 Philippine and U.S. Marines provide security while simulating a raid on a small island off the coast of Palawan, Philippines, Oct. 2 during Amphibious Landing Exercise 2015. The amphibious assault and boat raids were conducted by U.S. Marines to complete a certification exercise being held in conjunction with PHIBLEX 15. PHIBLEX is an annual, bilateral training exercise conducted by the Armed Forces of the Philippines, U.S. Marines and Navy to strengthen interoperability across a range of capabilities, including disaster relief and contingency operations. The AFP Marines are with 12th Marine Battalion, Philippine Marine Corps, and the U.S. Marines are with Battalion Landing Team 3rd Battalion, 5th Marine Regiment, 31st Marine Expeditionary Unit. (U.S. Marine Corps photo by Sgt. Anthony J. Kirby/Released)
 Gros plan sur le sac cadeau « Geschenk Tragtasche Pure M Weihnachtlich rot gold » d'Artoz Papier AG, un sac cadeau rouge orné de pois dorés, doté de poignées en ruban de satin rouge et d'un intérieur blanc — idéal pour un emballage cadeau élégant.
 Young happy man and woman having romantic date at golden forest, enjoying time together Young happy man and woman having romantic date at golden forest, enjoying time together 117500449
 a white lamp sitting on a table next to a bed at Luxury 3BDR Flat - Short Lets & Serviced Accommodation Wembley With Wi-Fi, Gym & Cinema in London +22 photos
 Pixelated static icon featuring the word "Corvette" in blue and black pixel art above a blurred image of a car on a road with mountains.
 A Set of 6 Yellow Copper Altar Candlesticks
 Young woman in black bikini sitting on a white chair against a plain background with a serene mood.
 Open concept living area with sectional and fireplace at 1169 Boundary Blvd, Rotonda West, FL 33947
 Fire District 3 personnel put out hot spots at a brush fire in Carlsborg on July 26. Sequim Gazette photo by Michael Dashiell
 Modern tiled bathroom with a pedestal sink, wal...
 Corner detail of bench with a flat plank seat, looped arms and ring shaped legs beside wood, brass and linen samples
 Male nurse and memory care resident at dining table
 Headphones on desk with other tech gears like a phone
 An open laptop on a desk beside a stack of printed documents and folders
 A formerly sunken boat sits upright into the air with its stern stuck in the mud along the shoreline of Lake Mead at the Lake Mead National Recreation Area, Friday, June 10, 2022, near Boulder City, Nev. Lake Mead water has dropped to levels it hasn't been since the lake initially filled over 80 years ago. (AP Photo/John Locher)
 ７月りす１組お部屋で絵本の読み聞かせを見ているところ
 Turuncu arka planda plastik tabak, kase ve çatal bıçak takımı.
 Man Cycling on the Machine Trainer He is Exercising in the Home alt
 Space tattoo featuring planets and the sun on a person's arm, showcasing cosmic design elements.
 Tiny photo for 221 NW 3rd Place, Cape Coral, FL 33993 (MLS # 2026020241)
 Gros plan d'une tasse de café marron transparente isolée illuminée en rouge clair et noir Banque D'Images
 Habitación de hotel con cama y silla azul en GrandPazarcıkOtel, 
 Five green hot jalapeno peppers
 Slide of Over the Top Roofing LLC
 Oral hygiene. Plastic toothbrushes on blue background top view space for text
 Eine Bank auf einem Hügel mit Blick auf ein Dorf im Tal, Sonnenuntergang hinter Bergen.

■ ■ ■ ■

# Work request
In the material above, locate the line containing "Corner detail of" and the line containing "An open laptop". Transcribe exactly those two lines and every line between them, and nothing more.

# Result for this task
 Corner detail of bench with a flat plank seat, looped arms and ring shaped legs beside wood, brass and linen samples
 Male nurse and memory care resident at dining table
 Headphones on desk with other tech gears like a phone
 An open laptop on a desk beside a stack of printed documents and folders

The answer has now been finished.